What's next after multiple outages in 2024?

We are hosting in the Oregon region and today’s outage is the third major outage we’ve observed in 2024. It appears that this one is the second involving upstream issues with Cloudflare.

I have been a big fan and advocate of Render for the past year but we are losing patience quickly. What, if anything, will be done to prevent these moving forward?


Start looking at a new hosting provider. We are at least.

We have enjoyed renders pricing, but the outages have cost us more than if we just went with a more stable provider (Heroku comes to mind). At the very least we are looking into having some kind of redundancy in place so we can switch over to a different provider if this happens again.


Same for us, we are moving to Heroku, seems to be a better option

Does heroku offer zero downtime deployment and automatic deployments?
PS: Aaah… Heroku seems extremely pricy

Folks, we’re working as fast as we can to get everyone back up - we can’t apologize enough.

This incident is around services that make use of disks. Typically, this impacts our Postgres and Redis the most.

Given the size and impact of this a thorough post mortem will be done and the findings shared publically,

John, I completely understand. I love Render by heart and we (at least me) don’t blame you for this. These things happen. I joined this discussion not to leave Render but to have some kind of backup. I have not find a better DX focused service than Render :slight_smile: There’s certainly a difference between talking to each other as a people and as someone who needs to protect its app and business

I look forward to the post-mortem and appreciate the transparency and communication. I love Render for its features, DX experience, and how it makes dev ops so easy, but the reliability has also been getting me concerned more lately, especially as I am a few months away from another product launch and ideally I would like to stay with Render. Thank you for the update and looking forward to hearing more.
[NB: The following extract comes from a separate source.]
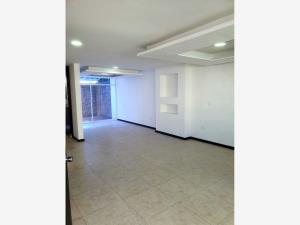 Casa en venta en Cuautlancingo, Cuautlancingo — foto 3 de 16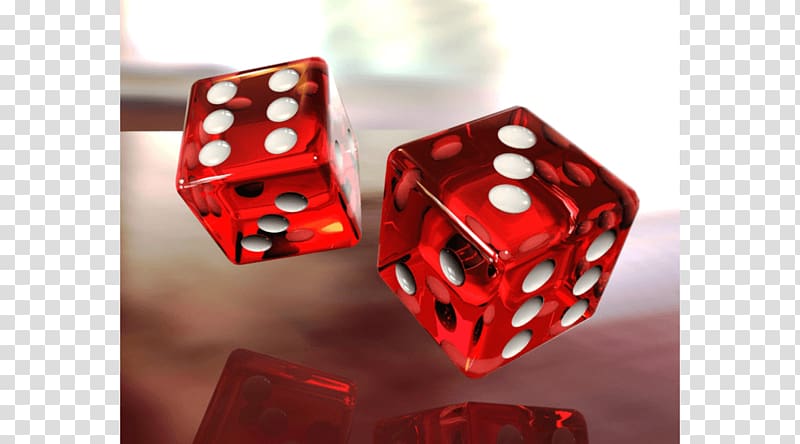 Desktop Skate Live Dice [free] Dice, Free RPG Dice, play firecracker puppy transparent background PNG clipart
You will absolutely get that.

Personally, I’ve been here for nearly 3 years, and this is the first incident of this magnitude I’ve seen - we have regional incidents but nothing like this, which was across all our regions and was on us to resolve. The timing of the Cloudflare incident was coincidental and not the cause here. The initial recovery of stateless services (ie services without disks) was fast, however, it was services that made use of disks, via mounted disks, managed Postgres, or managed Redis that were most impacted and were the longest to recover.

Was a post mortem ever created for the outage? Looking around but have not seen it anywhere.

Yes, posted on the original status incident